Do we really need more tax breaks and demand for property?

May 2022 Australian property market affordability update

Australian property market prices have started to drift lower. In recent months, mortgage fixed interest rates have risen substantially, now standard variable rates are on the rise. The official rate rose, and already affordability is as poor as it has ever been in some markets. 

Housing valuation and affordability statistics worsened over April. For investors, rental yields have never been lower in an absolute sense. Relative to mortgage rates yields are still cheap, but off the record lows of a few months ago.

Markets are pricing in an extraordinary 3%+ increase in interest rates over the next few years. That would double the 2021 mortgage repayments for a 20% deposit mortgage. Given Australia has (a) the second most indebted consumers in the world and (b) mostly variable interest rates, it seems unlikely that interest rates can rise another 3% without crashing the property market before that. 

The Federal Government and Reserve Bank have successfully distorted conditions to encourage as many people as possible to borrow as much as possible. An investment in housing is basically a vote of confidence in their ability to keep force-feeding the market.

We run an Australian property market calculator to help investors or potential homeowners determine the returns on Australian property. The idea we want to illustrate is that there are a number of key inputs into housing valuation. Interest rates are the most important, but the other limiting factors are:

  1. Mortgage Payments to Rent: comparing the cost of a mortgage with the cost of renting the same house. Using this ratio to constrain house prices, we assume that people will prefer to rent when the ratio gets high rather than buy.
  2. Mortgage Payments to Wages: assuming when the ratio gets high, people rent because they cannot afford to buy. 
  3. Property Prices to Wages: assuming when the ratio gets high, people rent because they cannot save enough money to afford a deposit. We treat this as less important than the above two ratios.
  4. Rental Yield: Rental yield is the annual rent divided by the property price. By using this ratio to forecast prices, you are assuming when the ratio gets low investors will not buy property as they are not getting a return that is high enough.
Property valuation percentile House valuation change  Property Valuation

 

 

For the details charts for the above locations see the property detail update. For more on how and why we use these ratios see our residential real estate forecasting methodology.

Australian mortgage rates are on the march.

There are effectively two different interest rates at the moment, the floating rate and the three-year fixed rate.

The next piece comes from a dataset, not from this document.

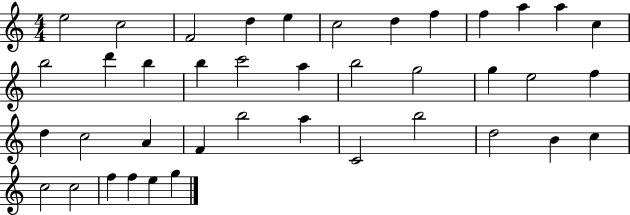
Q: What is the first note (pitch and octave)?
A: E5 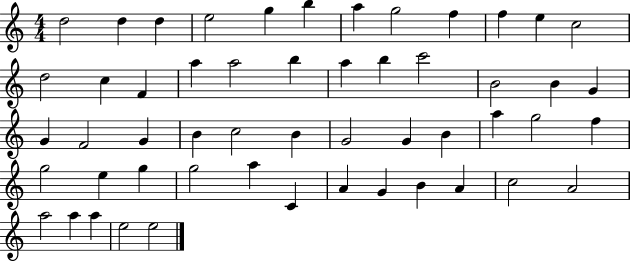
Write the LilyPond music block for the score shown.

  • The floating rate is determined mainly based on the Reserve Bank of Australia. It reduced the floating rate to 0.1% in March 2020, which reduced the standard variable rate from banks to around 4.5%. Discounted variable rates made it as low as 3.45% and have now risen to 3.7%. 
  • In March 2020, the Reserve Bank also introduced a facility where they lent directly to the banks at 0.1% for three years. This facility (and other market interventions) allowed banks to drop three-year fixed mortgages to around 2%.  Its name is the Term Funding Facility. It ended in June last year, and now three-year mortgages are over 4%.

When you adjust the factors in our property market calculator, you find that with higher interest rates, you would have to put in never-seen-before valuation ratios for house prices not to fall.    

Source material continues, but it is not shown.